Once again the burn process proper provoked no troubles: you see a smooth and clear graph without slowdowns or jaggedness. It’s not so good with the quality of the resulting disc. The PIE/PIF rates grow up at the outermost tracks. The PI error rate is close to the acceptable maximum, while the PI failure rate exceeds it by a factor of five. Alas, I can’t consider this result as satisfactory.
It’s strange but these results suggest that it’s all right with the Beta and Jitter parameters of the recorded disc. The TA Test, however, shows that the drive doesn’t maintain the required pit/land lengths on the outermost tracks of the disc: Jitter is higher there and the Peak Shift value is far from perfect. If you again return to the Beta graph, you can notice that the laser power was increased at the area where the number of errors is high. The drive must have made a mistake, deciding to increase the laser power on the most problematic section of the disc. It shouldn’t have done so. Let’s see if it did the same mistake at 4x burn speed?
The burn session was again completed successfully, but we’ve already seen that this fact alone doesn’t guarantee anything. And you can really see a huge amount of errors (the PI error and failure rates are five and fifty times, respectively, above the normal level) on the entire surface of the disc, so the quality is unacceptable and the disc is in fact unreadable. I can’t show you the Beta and Jitter graphs just because the disc couldn’t pass the test.

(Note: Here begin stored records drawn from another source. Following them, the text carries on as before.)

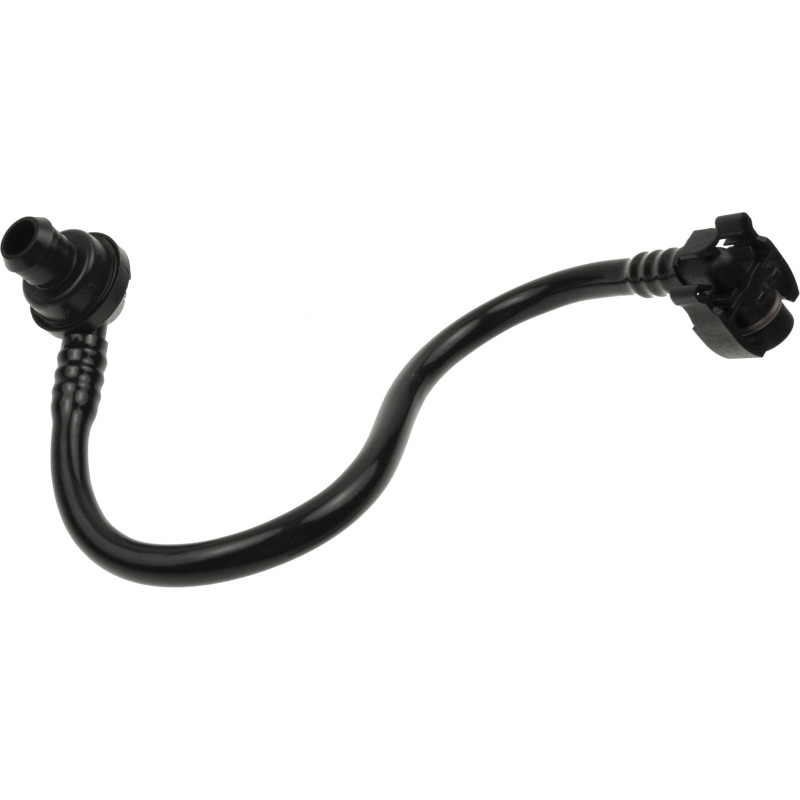 GATES EMH621 Crankcase Breather Hose for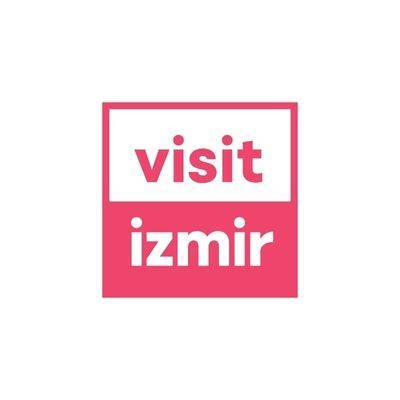 Visit İzmir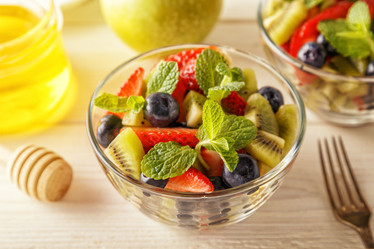 Similar image 21333824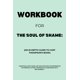 thumbnail image 1 of Cuaderno de trabajo independiente Guía de The Soul of Shame, 1 of 1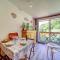 Studio Soyouz Vanguard-97 by Interhome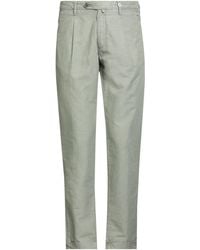 Myths - Hose - Lyst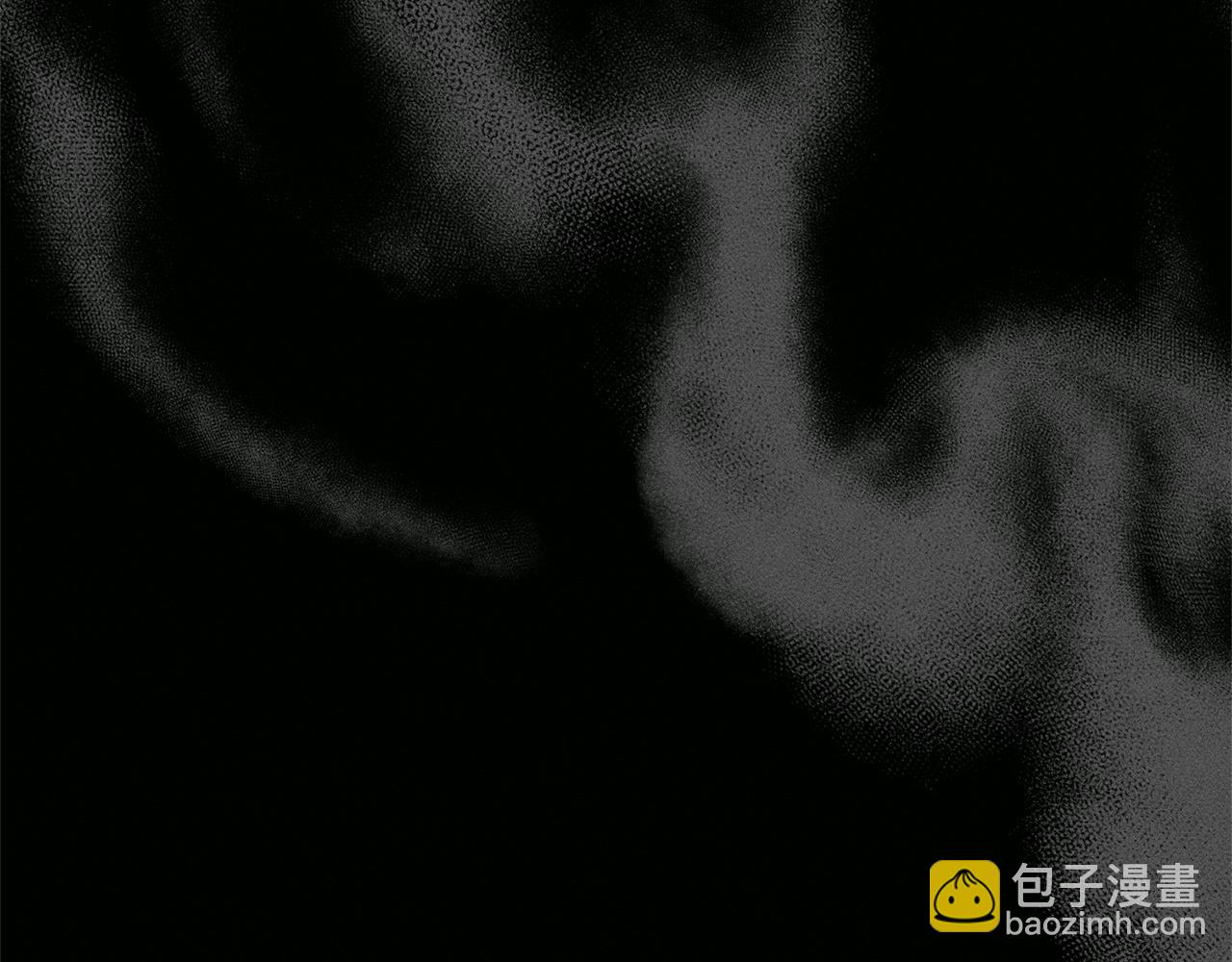 第2话 自救(1/6)-第2话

Summing up the tests performed in this section of the review I should note that the drive burns DVD-RW discs almost ideally, but has serious problems with the DVD+RW format. At the min burn speed it produced a disc of an acceptable quality (the quality would be even good if it were not for the outermost tracks), but the disc recorded at 4x speed turned to be unreadable. This is a serious fault of the drive which makes one think of alternative products. On the other hand, everything is all right if you don’t work with DVD+RW media.